Non-SFIFF-option for today: Royal Wedding at the Stanford Theatre. The Palo Alto venue opens a spectacular season of musicals today with this Stanley Donen film, paired with Vincente Minnelli's The Reluctant Debutante. Yes, I'm sure the pairing was picked to comment on the unavoidable hoopla of this past week. I can't say I've been intentionally following it, but I'm sure nothing that occurred was as elegant to see as Fred Astaire dancing on the walls and ceiling was in 1951, or is today, for that matter.

Thursday, April 28, 2011

SFIFF54 Day 8: Nostalgia For The Light

The 54nd San Francisco International Film Festival is at its halfway mark, as it runs through May 5th.
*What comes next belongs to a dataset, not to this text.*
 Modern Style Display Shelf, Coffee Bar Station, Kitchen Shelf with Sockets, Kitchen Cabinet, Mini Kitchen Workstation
Each day during the festival I'll be posting a recommendation and capsule review of a film in the festival.

Nostalgia For The Light (CHILE/FRANCE/GERMANY: Patricio Guzmán, 2010)

playing: 6:15 this evening at the Pacific Film Archive, with no further screenings during the festival.
distribution: Thanks to Icarus Films, it's set to open May 13th at the Landmark Shattuck and Lumiere, and have a special screening May 25th at the Rafael Film Center with author Isabel Allende in attendance.

Ever since an interest in mythology begat a fascination with identifying constellations from the roof of my childhood home in Frisco's Richmond District, I've had a long-standing desire to travel to the Southern Hemisphere, so I can see for myself an unfamiliar set of night skies. Years ago while spending one of several summers as a camp counselor and astronomy instructor, I even considered an opportunity to go to Chile in particular, knowing its Atacama Desert's status as the driest spot in the world made it a particularly perfect place for celestial observation.

So of course I was drawn to watch the astronomy-themed Nostalgia For the Light, the newest documentary by Patricio Guzmán, one of a trio of Chile-born filmmakers (Alejandro Jodorowsky and Raúl Ruiz being the other two) who have become famous internationally; all three are best known for their films completed outside their home country (and in fact Jodorowsky has never made a film there). Nostalgia For the Light may change this for Guzmán, however. It was filmed almost entirely in and around the Atacama, where Guzmán shoots gorgeous footage of landscapes, skyscapes, and observatory interiors, and interviews some of the people working in the region. Primarily, these fall into two categories: astronomers, and individuals involved in uncovering the horrible human histories literally buried in the desert, particularly survivors of victims of the repressive, CIA-supported dictator Augusto Pinochet.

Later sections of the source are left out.